Supreme Court Allows Virginia To Purge Non-Citizens From Its Voter Rolls
The Justice Department had sued Virginia for trying to cancel the voter registrations, arguing that the state could be removing citizens who mistakenly identified as noncitizens.
The Supreme Court is letting Virginia proceed with its effort to purge self-identified noncitizens from its voter rolls, granting the Old Dominion’s request for an emergency stay after lower courts halted the move.
The dispute will now go back to the lower courts for resolution, according to an order by the Supreme Court released Wednesday morning.
The attorney general of Virginia, Jason Miyares, said on Monday that the state filed an emergency stay with the high court to block a lower court’s order to reinstate 1,600 voter registrations of self-identified noncitizens.
In August, Governor Youngkin ordered a daily review of voter records to ensure that noncitizens were not registered to vote.

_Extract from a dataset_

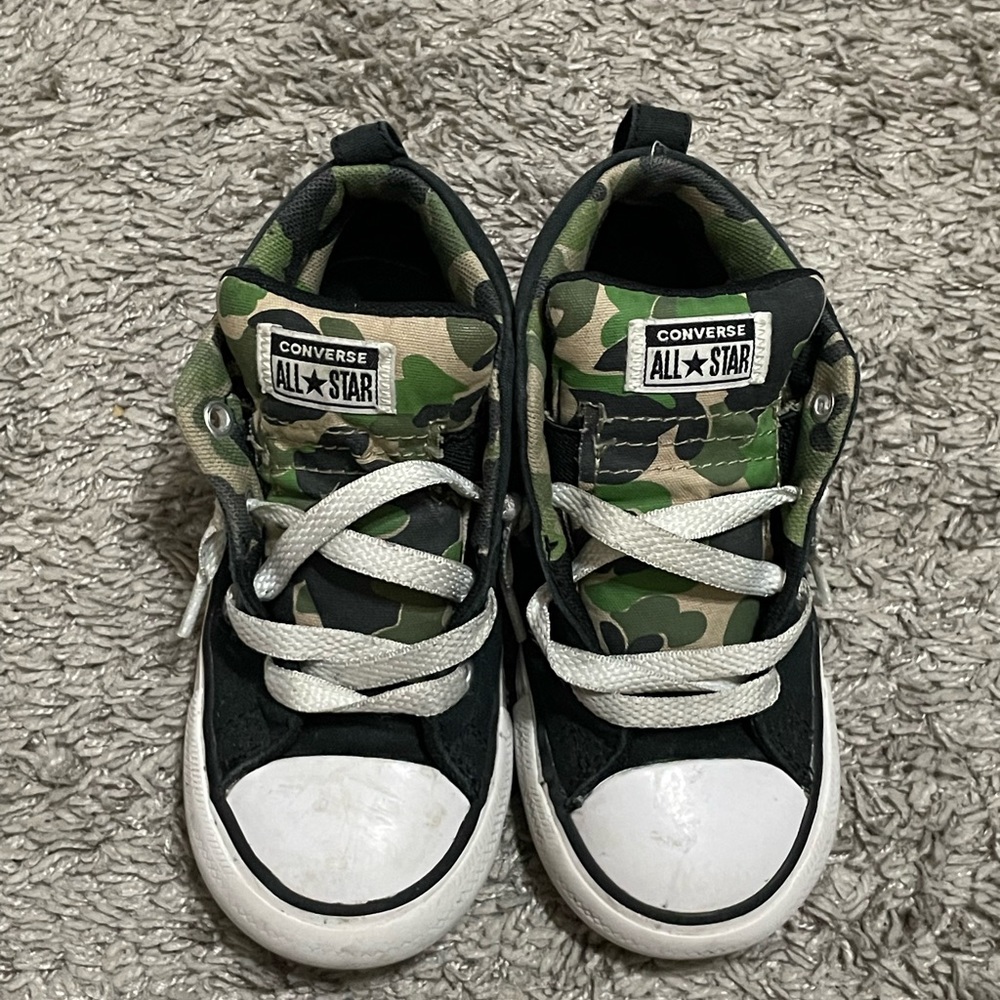 Black & Camouflage Kids’ Converse All Star shoes
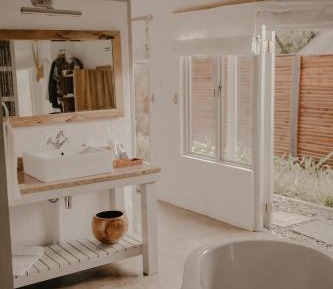 Bungalow with Patio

The state sought to purge more than 1,600 people it said self-identified as noncitizens after giving those individuals two weeks to correct an error if they mistakenly checked a box on a registration form and misidentified themselves.

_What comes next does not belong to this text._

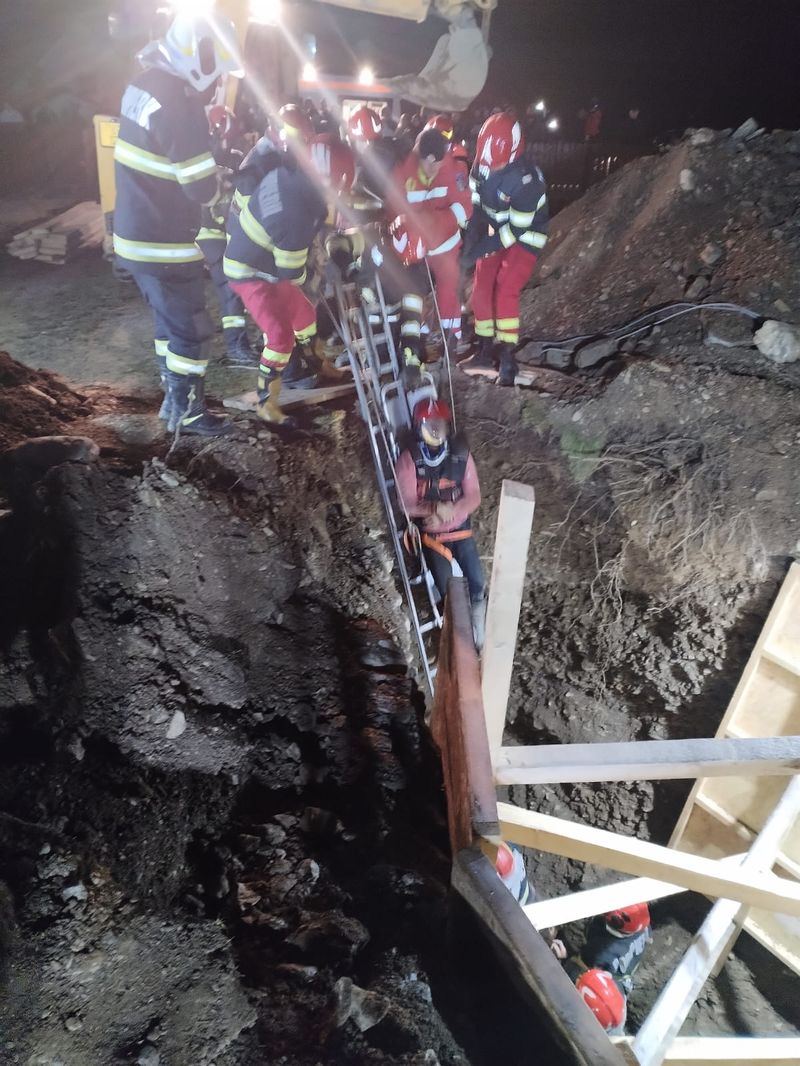 pompierii noaptea scot barbatul pe targ de sub pamant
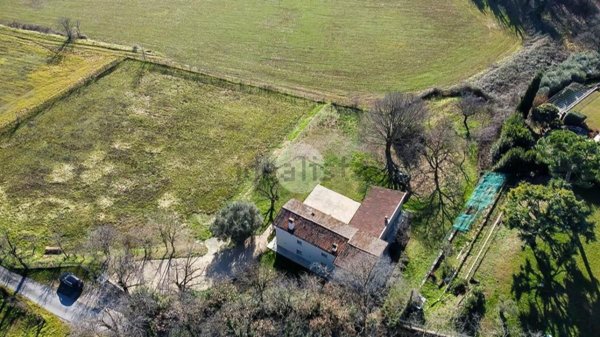 casa indipendente in vendita a Lonato del Garda in zona Barcuzzi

The Justice Department sued Virginia for trying to cancel the voter registrations, arguing that the state could be removing citizens who mistakenly identified as noncitizens.

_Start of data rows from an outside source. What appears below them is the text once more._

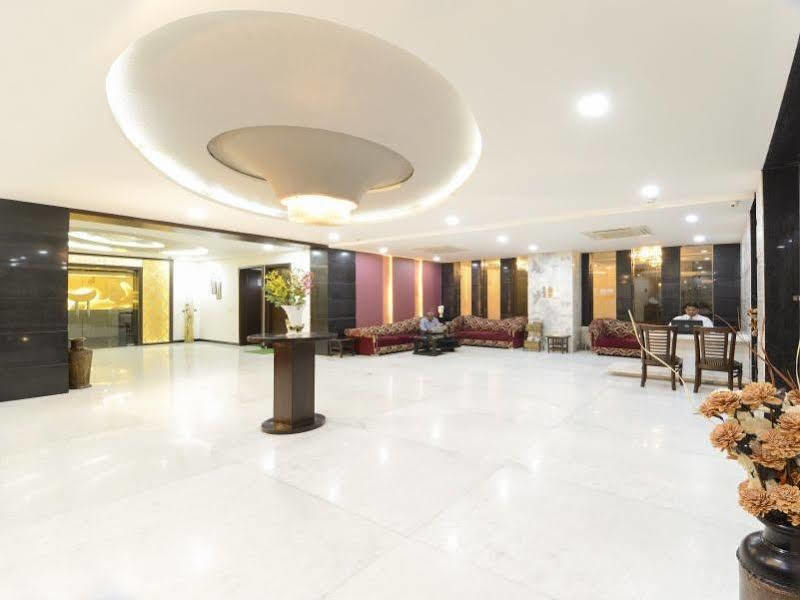 Hotel Crimson Palace Agra  Exteriör bild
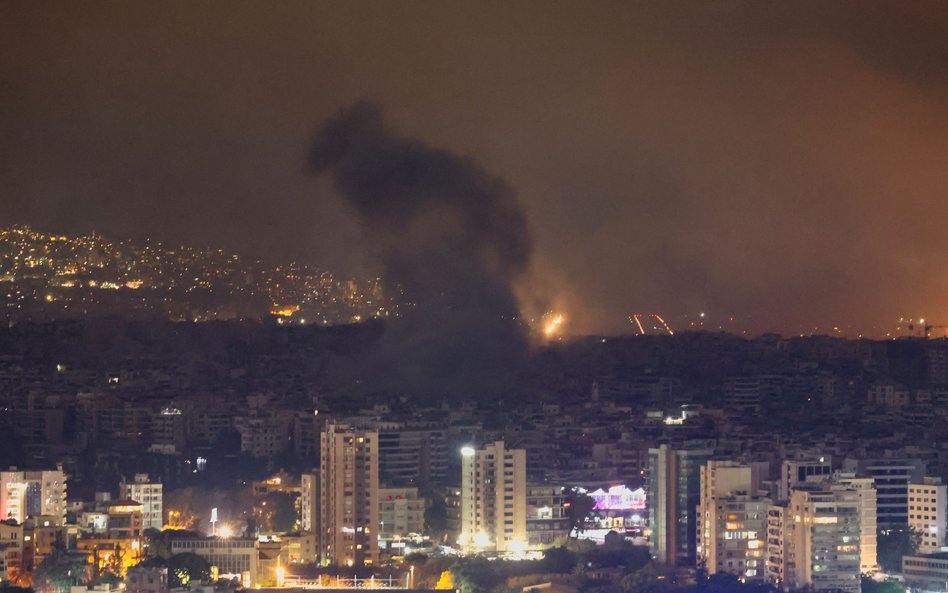 Izrael nadal prowadzi naloty na Bejrut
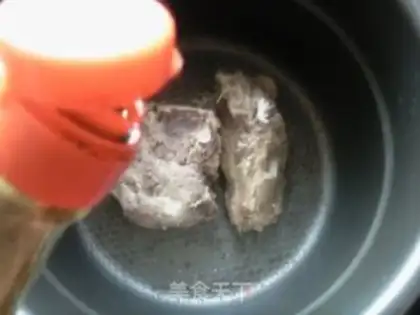 Make The bone soup is thin step 2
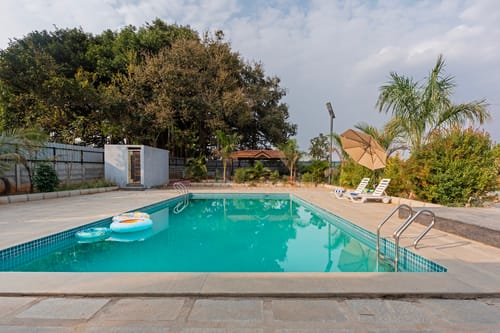 Courtyard Banyan | Rustic 2-BHK Pet-friendly Villa with Pool, Gazebo Amid Banyan Trees | Near Nandi Hills – 2 bedroom villa in Bengaluru, Karnataka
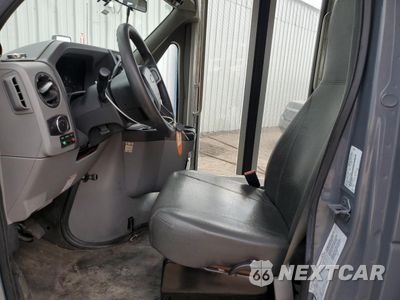 Zdjęcie 7 z 14 samochodu: 2022 FORD ECONOLINE E450 SUPER DUTY CUTAWAY VAN VIN:1FDFE4FN8NDC37756 - miniatura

The Supreme Court’s stay will remain in place until the Fourth Circuit of the United States Court of Appeals decides whether or not to take up the case. If the appeals court declines to hear the case, Wednesday’s order states, the stay will “terminate” automatically.
On Friday, a District Court judge, Patricia Giles, granted an injunction brought against Virginia and ordered it to reinstate the canceled voter registrations. She said state officials did not have evidence to show the individuals who had their voter registrations canceled were noncitizens. She also said the state’s automated system violated the National Voter Registration Act.
An attorney for Virginia, Charles Cooper, conceded in court that there may be some citizens among the 1,600 who mistakenly identified as noncitizens. However, he said requiring Virginia to reinstate all 1,600 individuals would mean “there’s going to [be] hundreds of noncitizens back on those rolls.”
Virginia filed its stay with the Supreme Court after an appeals court, in a rare Sunday night ruling, declined to overturn Judge Giles’ order.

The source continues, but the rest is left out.